# GIVEN INFORMATION:
[Start of section]

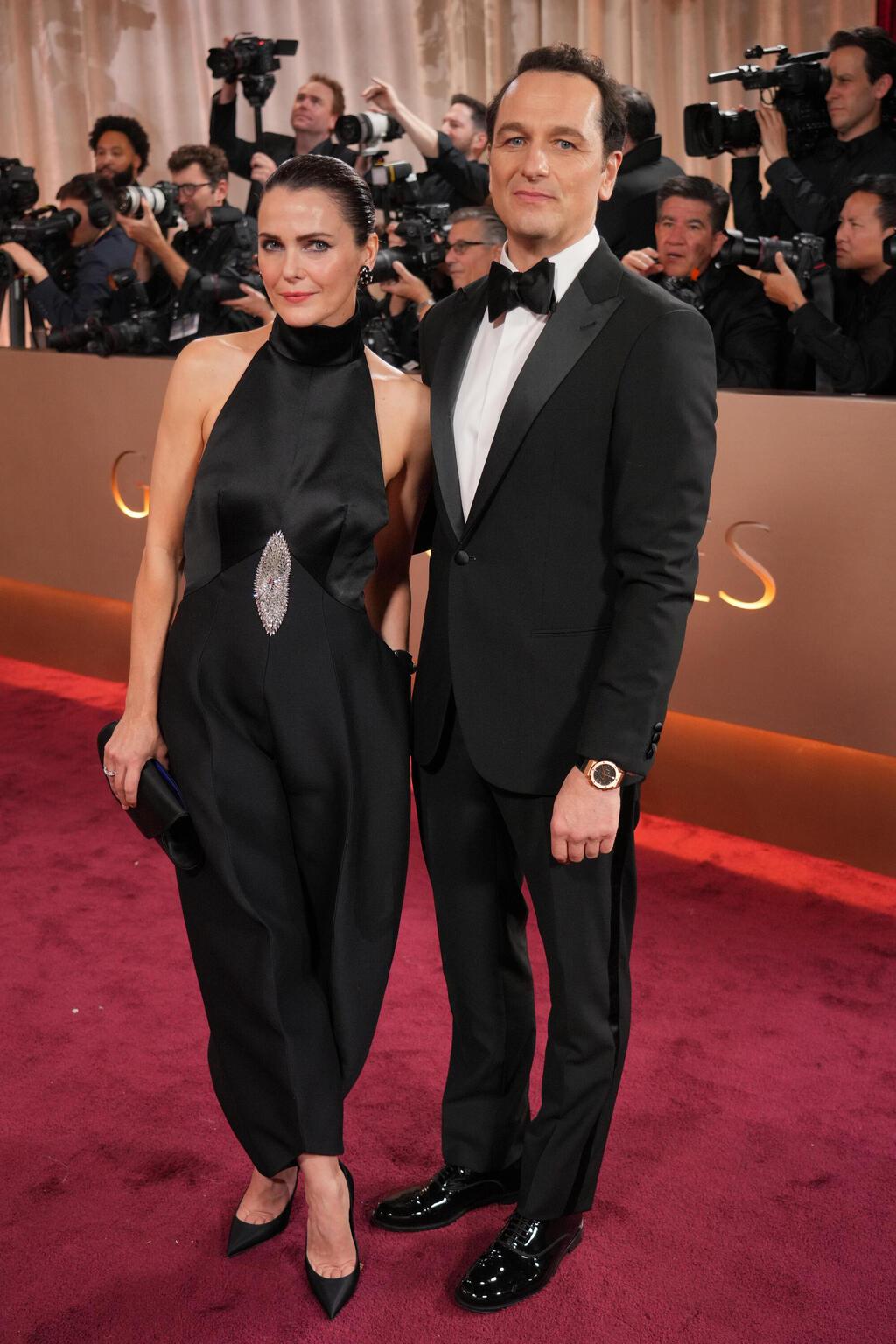 שמלה של סטפן רולאן. עם מתיו ריס בטקס גלובוס הזהב, 2026 (צילום: Jordan Strauss/Invision/AP) קרי ראסל ומתיו ריס בטקס גלובוס הזהב, 2026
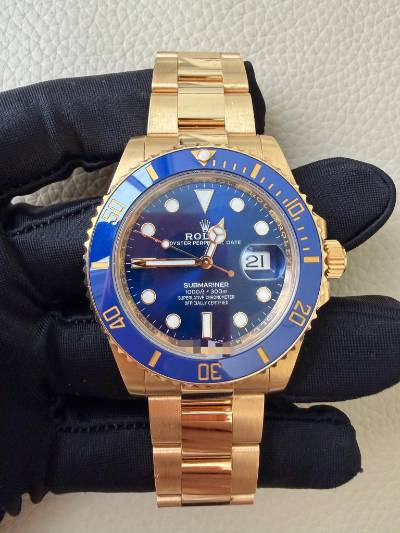 Rolex Submariner Date thumbnail 1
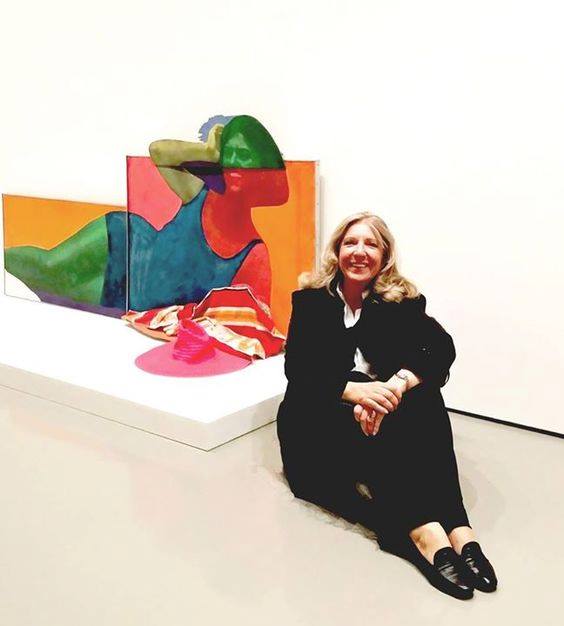 Yoyo_parmi_des_sculptures_de_Miro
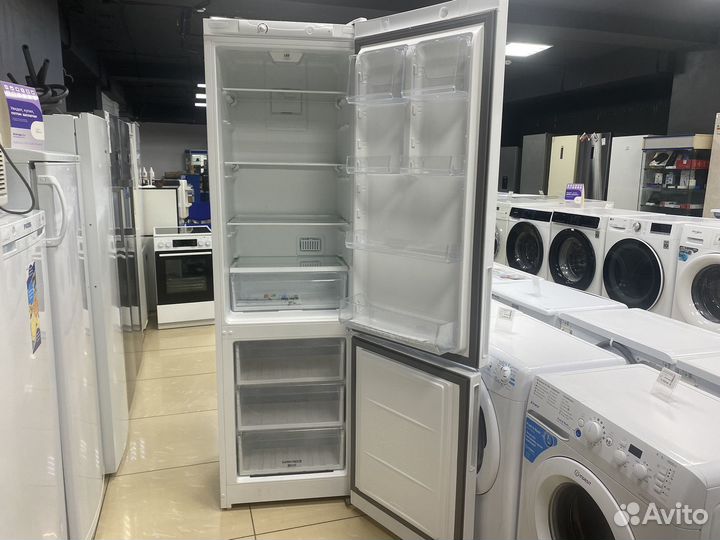 Холодильник Hotpoint HF 4200 W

[End of section]

# REQUIRED ACTION:
Pictures stay out; everything else in the listing above gets restated word for word.

# OUTPUT OF THE EXERCISE:
 שמלה של סטפן רולאן. עם מתיו ריס בטקס גלובוס הזהב, 2026 (צילום: Jordan Strauss/Invision/AP) קרי ראסל ומתיו ריס בטקס גלובוס הזהב, 2026
 Rolex Submariner Date thumbnail 1
 Yoyo_parmi_des_sculptures_de_Miro
 Холодильник Hotpoint HF 4200 W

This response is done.